IV.115 After scanning thousands of occurrences in my two corpora, I am moved to conclude that COMMON-NOUN POSSESSIVES with the DEFINITE ARTICLE do not expand much beyond three WORDS. Those with four WORDS are uncommon [368-69], and should be distinguished from formulas as are typical of stories for the very young [370], or from PATTERNS where one POSSESSIVE depends on another [371].

[368] Oliver began to feel more at his ease than he had yet done in the fierce old gentleman’s presence (Oliver Twist)

[369] “I thought so from his looks”, answered the beguiled young Doctor’s wily mother. (Road To Providence)

[370] So the little brown Mouse was the little Red Man’s servant, and every day he made the little Red Man’s bed and swept the little Red Man’s room (Stories to Tell Children)

[371] Mrs Crump's talk of the girl's father's immense wealth, which surely she had inherited, had abolished all that fruitless toying with marriage to the innkeeper's daughter (Maid of Buttermere)

The even rarer PATTERN of five WORDS seems to me linguistically and cognitively out of BALANCE, since the relation between NOUN and ARTICLE may be obscured, as compared, say, to “the brother of the master of the family” [372]. The same might be said of long PATTERNS with an INDEFINITE ARTICLE [373].

[372] an ancient woman came in to take charge of the goods for the master of the family’s brother (Plague Year)

[373] although most of the workers were Asians, the union branch had an overwhelmingly white shop steward’s committee (Asian Women in Britain)

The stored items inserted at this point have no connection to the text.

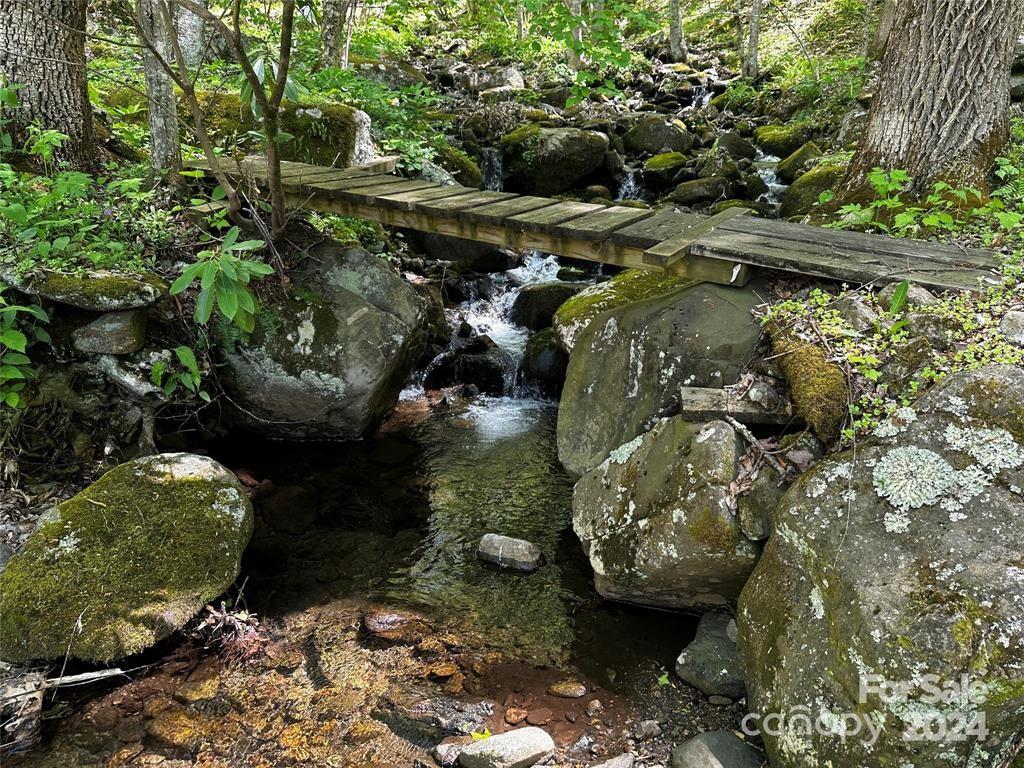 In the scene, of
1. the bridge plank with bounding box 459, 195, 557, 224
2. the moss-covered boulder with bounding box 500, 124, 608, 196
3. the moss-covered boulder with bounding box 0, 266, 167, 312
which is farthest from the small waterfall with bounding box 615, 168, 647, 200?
the moss-covered boulder with bounding box 0, 266, 167, 312

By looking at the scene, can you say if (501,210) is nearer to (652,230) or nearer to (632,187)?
(652,230)

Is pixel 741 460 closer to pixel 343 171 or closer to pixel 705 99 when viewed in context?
pixel 343 171

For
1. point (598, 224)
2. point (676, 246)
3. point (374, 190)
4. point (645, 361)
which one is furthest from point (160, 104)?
point (645, 361)

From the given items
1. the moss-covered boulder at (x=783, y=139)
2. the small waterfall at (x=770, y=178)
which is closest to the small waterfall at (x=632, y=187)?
the small waterfall at (x=770, y=178)

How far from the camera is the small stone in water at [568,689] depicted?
3.54 m

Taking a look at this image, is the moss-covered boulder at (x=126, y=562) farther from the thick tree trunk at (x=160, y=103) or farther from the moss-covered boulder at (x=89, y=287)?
the thick tree trunk at (x=160, y=103)

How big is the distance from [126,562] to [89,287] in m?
2.09

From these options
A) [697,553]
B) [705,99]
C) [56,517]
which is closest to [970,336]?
[697,553]

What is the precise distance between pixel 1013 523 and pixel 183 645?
4086 millimetres

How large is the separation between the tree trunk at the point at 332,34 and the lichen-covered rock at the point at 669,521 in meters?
9.62

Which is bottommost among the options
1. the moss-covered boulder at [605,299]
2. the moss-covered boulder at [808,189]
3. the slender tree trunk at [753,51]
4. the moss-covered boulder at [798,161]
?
the moss-covered boulder at [605,299]

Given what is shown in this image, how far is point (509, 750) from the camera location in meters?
3.09

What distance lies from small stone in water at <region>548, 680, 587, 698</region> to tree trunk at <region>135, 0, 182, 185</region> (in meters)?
5.40

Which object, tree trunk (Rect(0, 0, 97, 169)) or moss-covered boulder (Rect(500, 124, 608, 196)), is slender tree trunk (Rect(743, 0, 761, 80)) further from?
tree trunk (Rect(0, 0, 97, 169)) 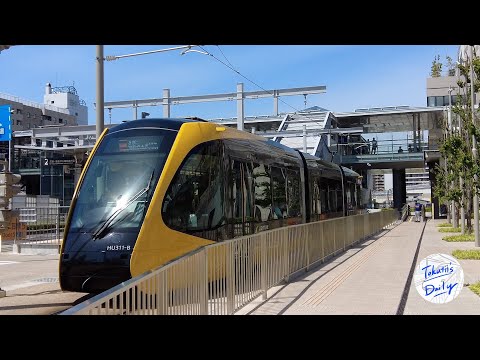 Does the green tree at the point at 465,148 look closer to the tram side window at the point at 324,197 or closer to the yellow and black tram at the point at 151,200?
the tram side window at the point at 324,197

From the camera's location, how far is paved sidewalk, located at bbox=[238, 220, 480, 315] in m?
8.12

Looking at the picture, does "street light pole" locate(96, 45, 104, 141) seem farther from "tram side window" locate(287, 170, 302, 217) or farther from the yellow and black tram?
"tram side window" locate(287, 170, 302, 217)

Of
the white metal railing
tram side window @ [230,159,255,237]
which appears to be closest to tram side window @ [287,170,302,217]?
the white metal railing

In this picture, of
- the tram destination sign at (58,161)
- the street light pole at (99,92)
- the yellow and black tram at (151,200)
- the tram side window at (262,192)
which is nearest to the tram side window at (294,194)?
the tram side window at (262,192)

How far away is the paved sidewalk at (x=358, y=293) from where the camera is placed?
8125 millimetres

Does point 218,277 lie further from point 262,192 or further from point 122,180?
point 262,192

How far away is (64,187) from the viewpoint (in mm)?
44594

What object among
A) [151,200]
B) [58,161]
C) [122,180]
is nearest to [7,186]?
[122,180]

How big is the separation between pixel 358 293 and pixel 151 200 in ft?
12.9

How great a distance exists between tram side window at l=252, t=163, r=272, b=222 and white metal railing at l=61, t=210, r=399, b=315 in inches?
50.2

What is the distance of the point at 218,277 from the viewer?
24.1 ft

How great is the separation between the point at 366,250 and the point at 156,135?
33.3ft
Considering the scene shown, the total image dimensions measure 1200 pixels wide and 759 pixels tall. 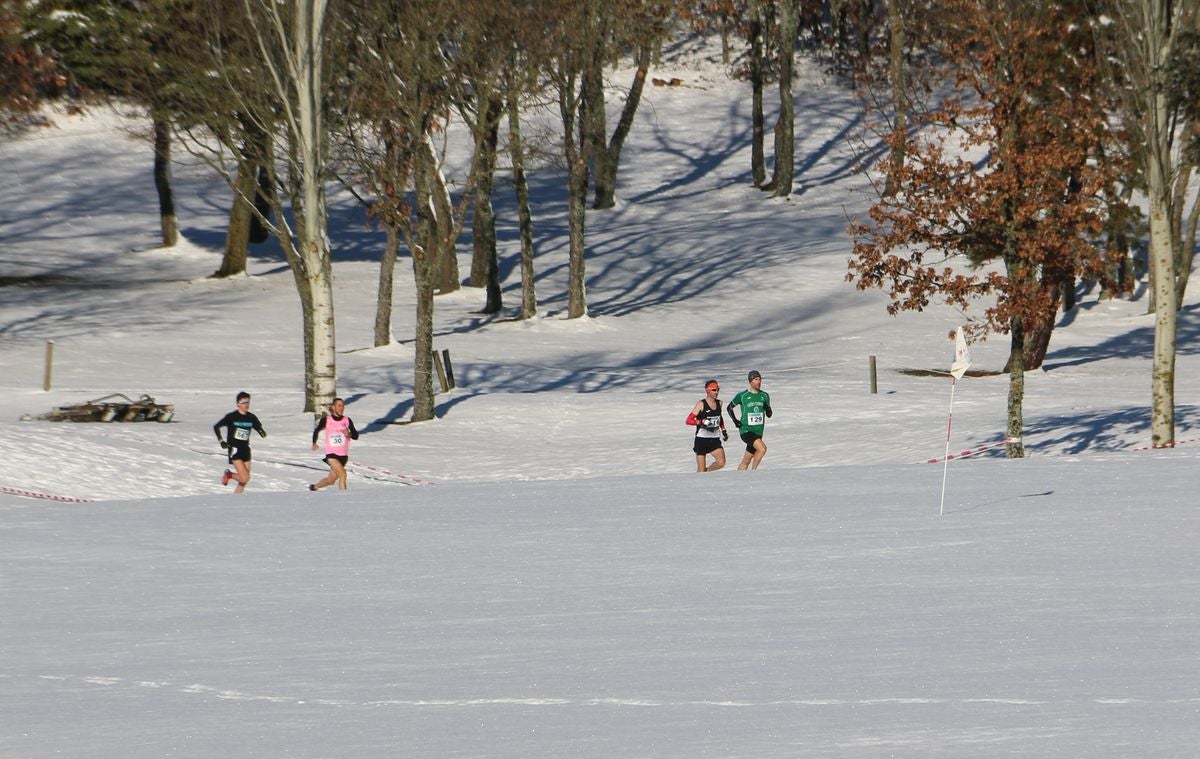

IV.116 PROPER-NOUN POSSESSIVES, however, can adjust their length as required:

[374] That stone is now part of a brooch which was this afternoon returned to my cousin’s, the Earl of Eiran’s, hunting-lodge (Certain Hour)

[375] Prizes will be awarded for the best carnations and bonsai at the Royal Horticultural Society’s show in Greycoat Street, London SW1 (Independent)

[376] The Duchess of Kent [...] attended the South Manchester Health Authority’s Annual Nurse Prize Giving at the Armitage Centre, Fallowfield (Independent)

Drawn-out events may merit drawn-out labels.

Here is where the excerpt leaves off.